Automation may be the key to A/R challenges
Your peers and your A/R team are concerned about delayed and re-negotiated B2B payments.
Research from The Hackett Group found that many companies took even longer to pay suppliers during the first half of 2021 than they did at the start of the pandemic in 2020.
And last year, The Wall Street Journal reported that big organizations like Macy’s and Mondelez International were postponing the due dates on their bills to free up cash on their balance sheets.
But stretched out payment cycles isn’t the only thing you and your A/R department should be concerned about, said Steve Pinado, the president of Billtrust, an A/R automation solutions provider based in Lawrence Township, NJ.
Streamlining pressing cash application issues is essential to accelerate cash flow from sales, Pinado said in a Zoom interview.
A/R and vendor portals
While personalized vendor portals may be a boon for A/P teams, they’re often a burden for A/R.
“There has been a rise in the number of large buyers adopting platforms that are making their lives easier, but are creating more manual processes for their suppliers,” Pinado said.
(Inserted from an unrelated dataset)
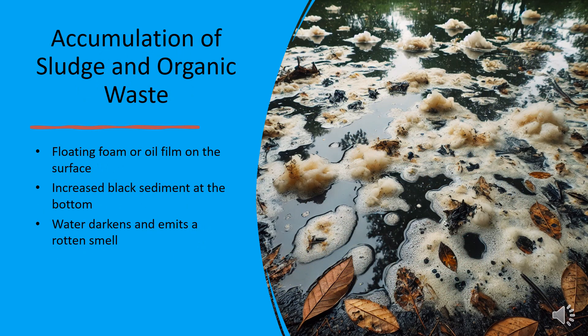First, let's talk about sludge buildup. If your pond has floating foam or an oily film, or if the bottom is covered in black sediment, this could be a sign of organic waste accumulation. Over time, fish waste, uneaten food, and decaying leaves sink to the bottom, creating a layer of sludge that releases a foul, rotten smell. To prevent this, regular pond vacuuming and bottom drain systems can help remove waste before it becomes a problem.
For instance, it could take hours for an A/R staffer to retrieve remittance data and reconcile large payment volumes on a single customer’s vendor portal. It’s time that could be more efficiently used on other finance tasks.
A recent survey commissioned by Billtrust found that most A/R teams (51%) interact with 11 to 20 A/P portals. More than one in four of those surveyed said they deal with 21 or more.
Imagine trying to remember that many login credentials. Pinado likened it to paying every single household bill via a different website.
Potentially slowing the process down even more are various invoicing rules you have to follow when using a customer’s portal. For example, you may have to enter their purchase order number to get paid.
Converting e-payments to cash
The good news about electronic payment data is it doesn’t have to be keyed in. That reduces labor costs and data entry mistakes.
But the bad news is if there’s a large volume of payments, the corresponding remittance usually arrives separately.
More work gets created for A/R when they have to match the money with what it’s being used to pay for.
“To recognize revenue, you have to kill the line-item detail in your invoices to know that (a specific) product, among the thousands of items that may be on that invoice, is paid for,” Pinado said.
Relief for A/R
Digital processes intended to make B2B transactions easier can still hinder A/R teams. It’s because they still have to manually process remittances and type data into ERPs.
Many companies have automated invoice delivery and remittance collection. But to truly optimize A/R workflows, it may take going all-in on automation and digitization in Finance.
In a survey by PYMNTS.com, almost 50% of businesses said automating their A/R collections process lowered delinquency rates.
On its website, U.S. Bank said A/R automation supported by artificial intelligence and machine learning is a wise investment because it:
- reduces the need to research exceptions
- extracts ACH, direct debit, wire and credit card data from emails, attachments, electronic data interchange and payer web portals
- matches payments to open receivables using enriched remittance data, and
- creates receivables posting files that you can upload to your ERP.
“We had one client who discovered they had nearly half of their customers taking unearned prompt-pay discounts, costing their company almost $2 million a year,” U.S. Bank Working Capital Consultant John Melvin said online.
“The problem was the company’s A/R clerks were focused exclusively on manually applying every invoice. Their job was to key data – not to red-flag when a customer was 20 days late and taking a 2% discount.”
Besides workforce optimization, improvements to customer experience, security and audit tracking are other reasons to consider A/R automation, Pinado said.